EXERCISE: A word-for-word copy of the following listing is needed. Leave out its images.

COLLECTED MATERIAL:
»»

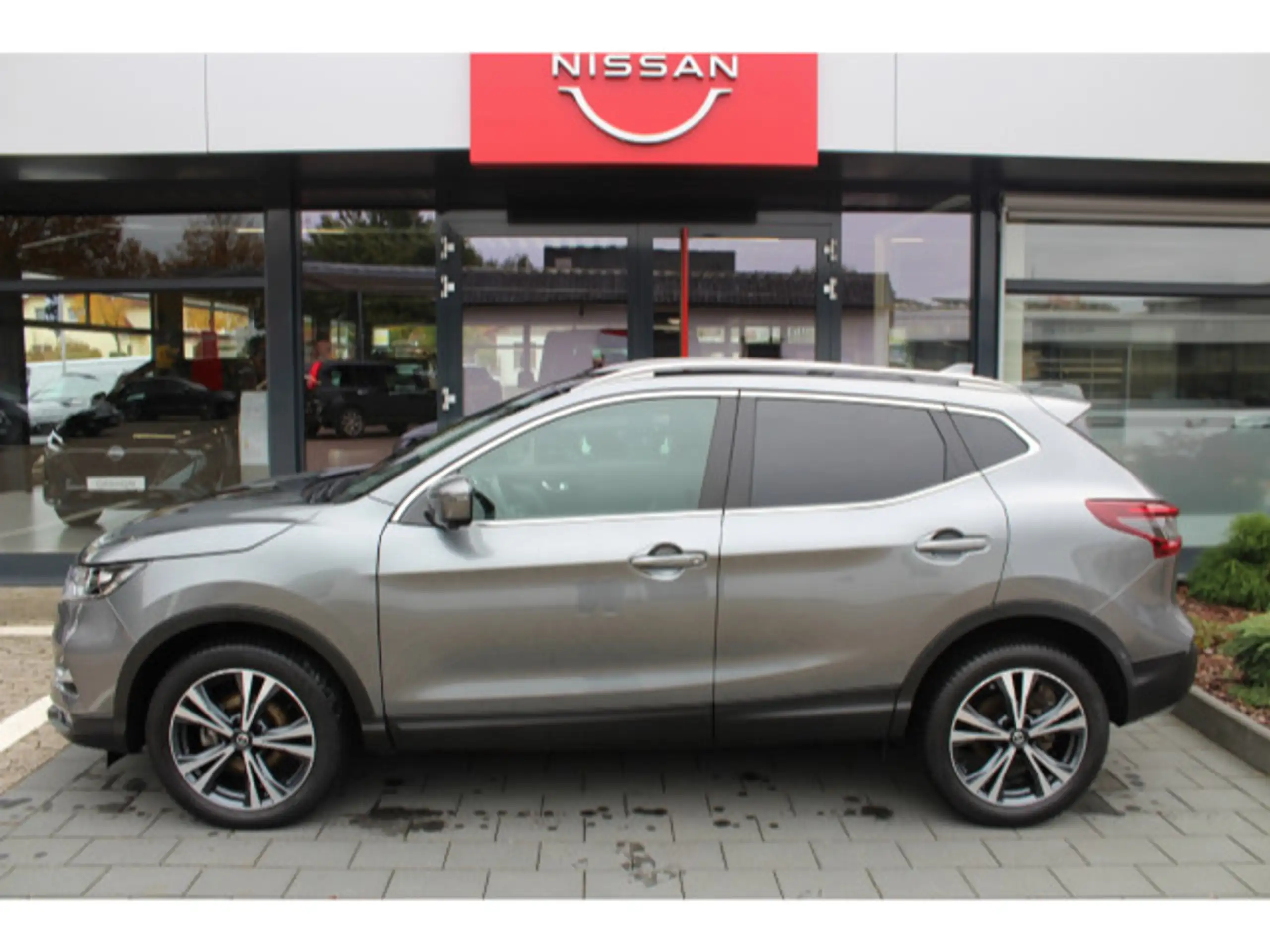 Nissan - Qashqai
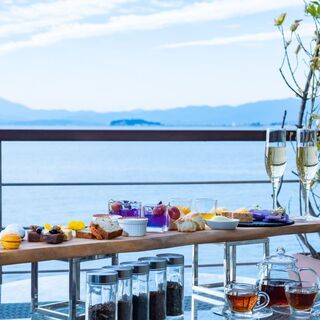 【アフタヌーンティー】乾杯酒＆スイーツ・セイボリー等15種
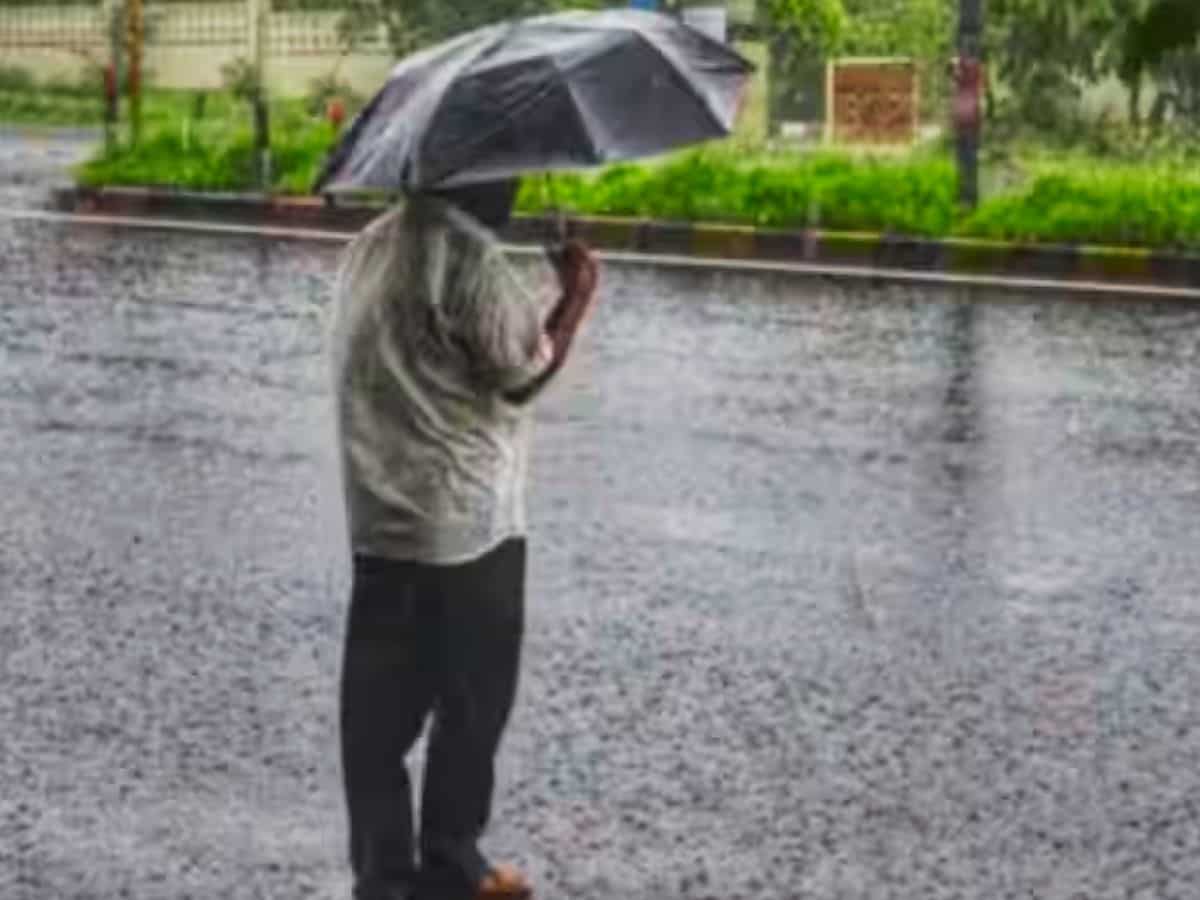 Delhi-NCR Rain: दिवाली से प‍हले मेहरबान हुआ मौसम, कई जगह बारिश होने से प्रदूषण से राहत की उम्‍मीद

««

REPLY:
 Nissan - Qashqai
 【アフタヌーンティー】乾杯酒＆スイーツ・セイボリー等15種
 Delhi-NCR Rain: दिवाली से प‍हले मेहरबान हुआ मौसम, कई जगह बारिश होने से प्रदूषण से राहत की उम्‍मीद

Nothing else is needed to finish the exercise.